Par l’intermédiaire de monsieur Appa , fonctionnaire à la mairie de Pikine, et notre interlocuteur pour les quatre centres culturels de la coopération allemande, nous obtenons un rendez vous avec le maire de Pikine. Appa se dit intéressé par la poursuite de ce projet et se propose aussi de jouer les intermédiaires pour obtenir un rendez vous du maire de Dakar, Khalifa Sall, il nous demande d’écrire un projet et de présenter un dossier rappelant l’ensemble des éléments.

Nous adaptons le projet initial voté en 2011 par les deux régions partenaires et proposons, la réalisations de 10 bibliothèques. Nous rassemblons tous les documents attestant qu’il s’agit bien de la poursuivre d’un projet déjà en cours de réalisation.
C’est le directeur de cabinet du maire de Pikine que nous rencontrons, en l’absence de celui-ci en déplacement à Paris. Pikine veut rénover le complexe Leopold Seddar Senghor et élever des étages au-dessus du bâtiment de l’État Civil pour y installer une grande bibliothèque. Ils se montrent intéressés pour récupérer à eux seuls les 200 000 € du projet Région Île de France.
Au sortir de cette réunion, nous contactons Seyni Seck notre interlocuteur pour Bargny (département de Rufisque) et l’informons de la tournure des événements. Le maire de Bargny, nous a sollicitées pour un nouveau projet de bibliothèque à Bargny, nous l’avons rencontré à Ouakam, nous l’informons de la situation, il va contacter la Région IDF, il sera à Paris à partir du 18 Février.

Tentatives auprès du gouverneur

Lors des négociations avec le gouverneur, la communication passait facilement, aussi Eliane lui a-t-elle demandé s’il interviendrait dans la suite des projets financés par l’Ile de France. Pour lui, tout dépendait de la décision des élus de la Région Ile de France dont une délégation étaient venue à Dakar. Il suggère de leur écrire un projet et qu’il en soit destinataire.

Tentatives avec la ville de Dakar

Depuis les dernières élections municipales, Madame Wardini, notre interlocutrice depuis 2008, en tant que responsable de la culture et élue de la commune de Sacré Cœur, est maintenant 1° adjointe à la mairie de Dakar. Nous prenons rendez-vous, avec elle, à l’hôtel de ville. Elle nous confirme que la culture et les centres culturels restent dans les attributions de la ville de Dakar, elle est en compagnie du président adjoint de l’ex Conseil Régional de Dakar. Il n’était au courant de rien concernant le stockage des livres. L’équipe des relations internationales fonctionnait en groupe fermé. La mairie de Dakar va demander à l’élu de Paris Ile de France, Monsieur Romero de récupérer les 200 000 € en livres pour les bibliothèques de la ville de Dakar.

ÉPILOGUE

Nous n’avions jamais réellement cru à la poursuite du projet, mais il n’est pas nécessaire de réussir pour entreprendre.
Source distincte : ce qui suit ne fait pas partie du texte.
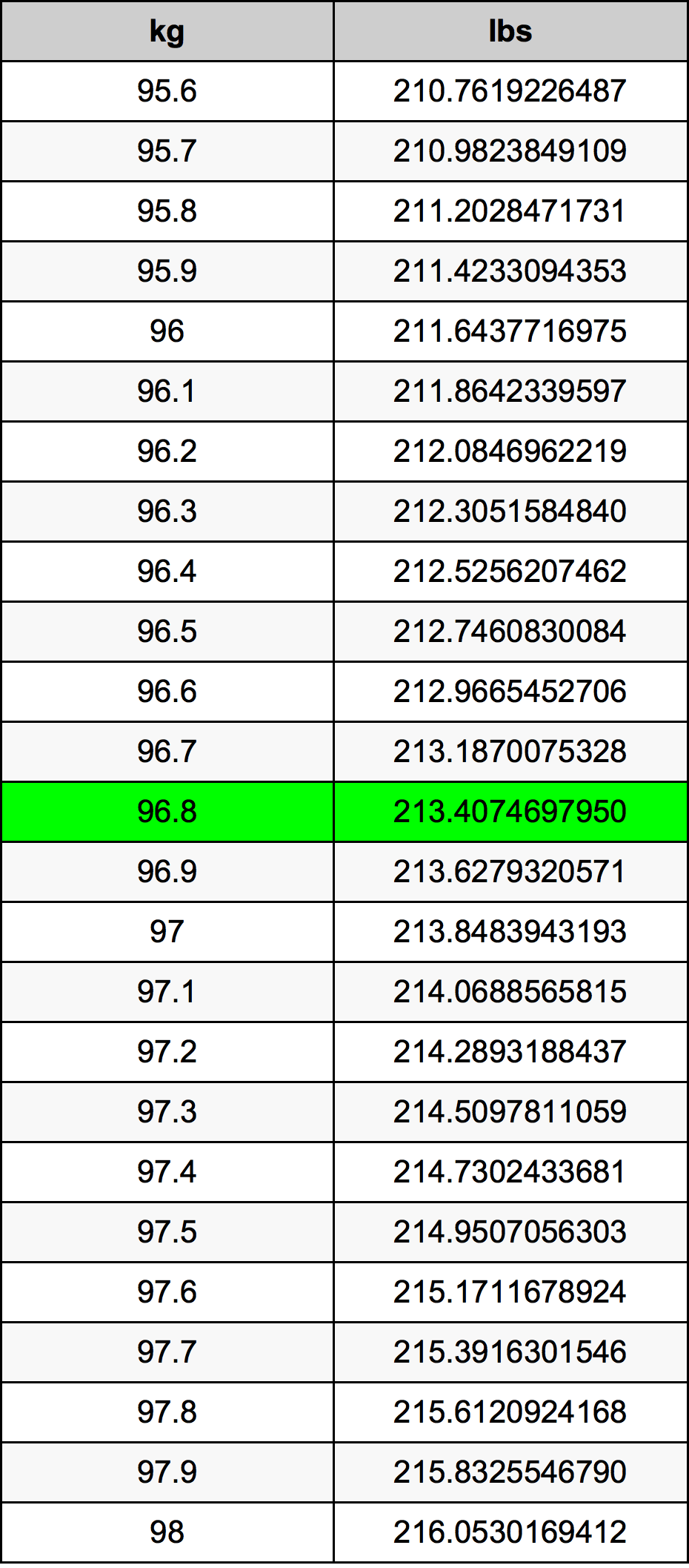 96.8 Chilogrammo tabella di conversione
De retour à Paris, nous avons tenté à plusieurs reprises de prendre contact avec la Région Ile de France, mais le partenariat avec Dakar avait du plomb dans l’aile. Nous y avons organisé une réunion accompagnées du Directeur du Livre et de la Lecture du ministère sénégalais de la Culture, de passage à Paris qui aurait, pensions nous, pu organiser la poursuite du projet Ile de France. La personne qui nous a reçue à la Région Ile de France n’était au courant de rien, et le directeur de la DLL a fait valoir sur le champ que s’il prenait ne charge la suite du projet, les livres seraient pour lui.
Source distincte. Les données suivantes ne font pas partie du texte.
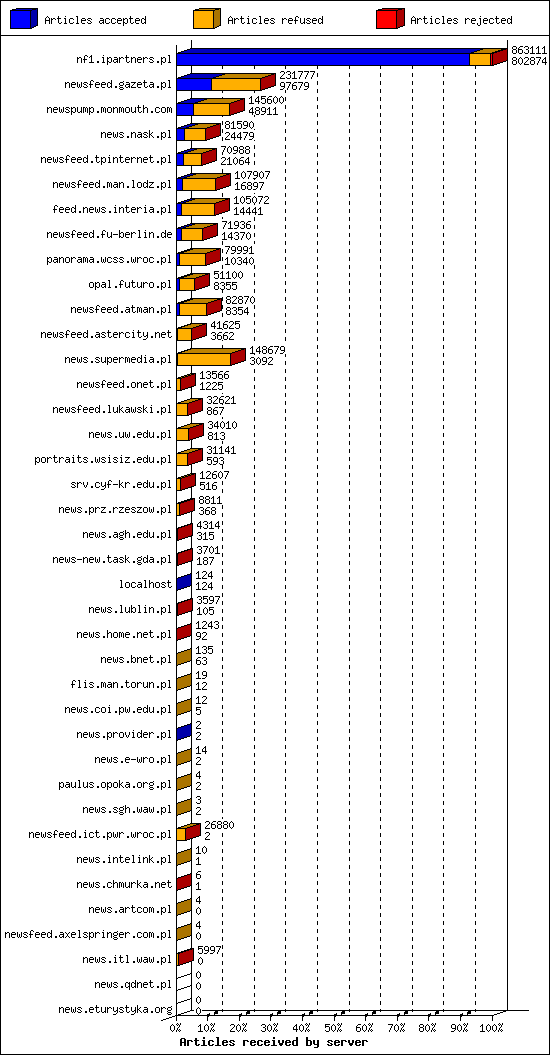 Articles received by server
Puis ce furent les élections et le changement d’exécutif à Paris. Nous avons de nouveau été reçues courant 2016 par le secteur des relations internationales, mais la politique de la région en matière de collaboration avec les partenariats anciens n’était pas encore très bien définie nous as t on dit, mais si elle reprenait, ce serait selon un nouveau concept à savoir chaque euro investi devrait rapporter autant à l’Ile de France ….Nous avons alors cessé de présenter des dossiers.
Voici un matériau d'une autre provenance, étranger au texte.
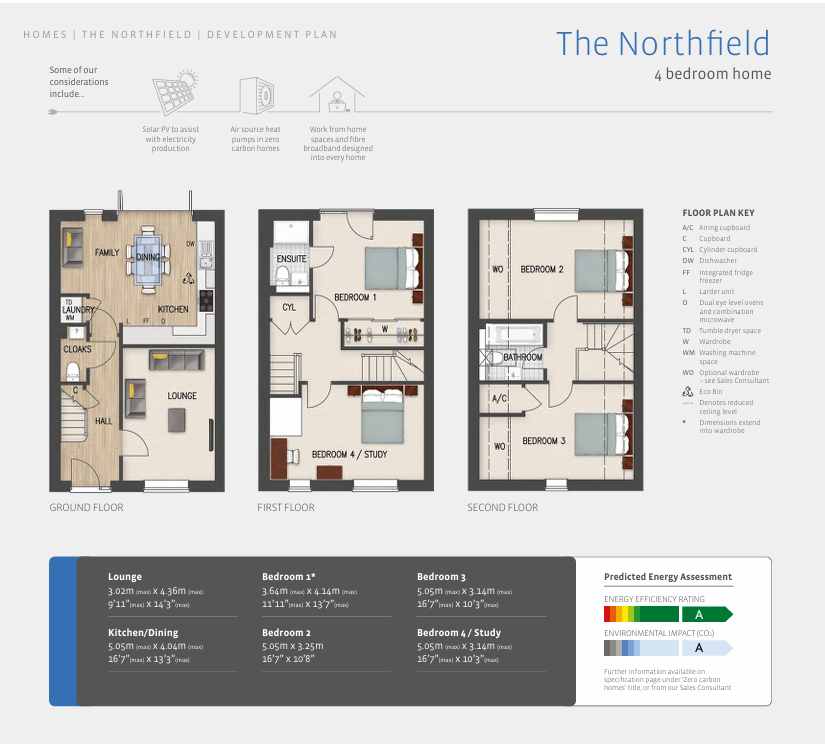 Property Floorplans 1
D’une certaine façon, nous étions soulagées, le projet de centrale n’était pas viable, seules les bibliothèques de proximité nous intéressaient parce que c’était un projet utile aux populations. Nous avons quand même réussi à sauver une première tranche du projet ainsi que l’affection du stock résiduel qui, sans Lire en Afrique, aurait été abandonné sur place à la liquidation de l’hôtel de Région. En tout ce seront 28 000 ivres qui auront été ainsi affectés et remis à 14 bibliothèques en fonctionnement dans la région de Dakar.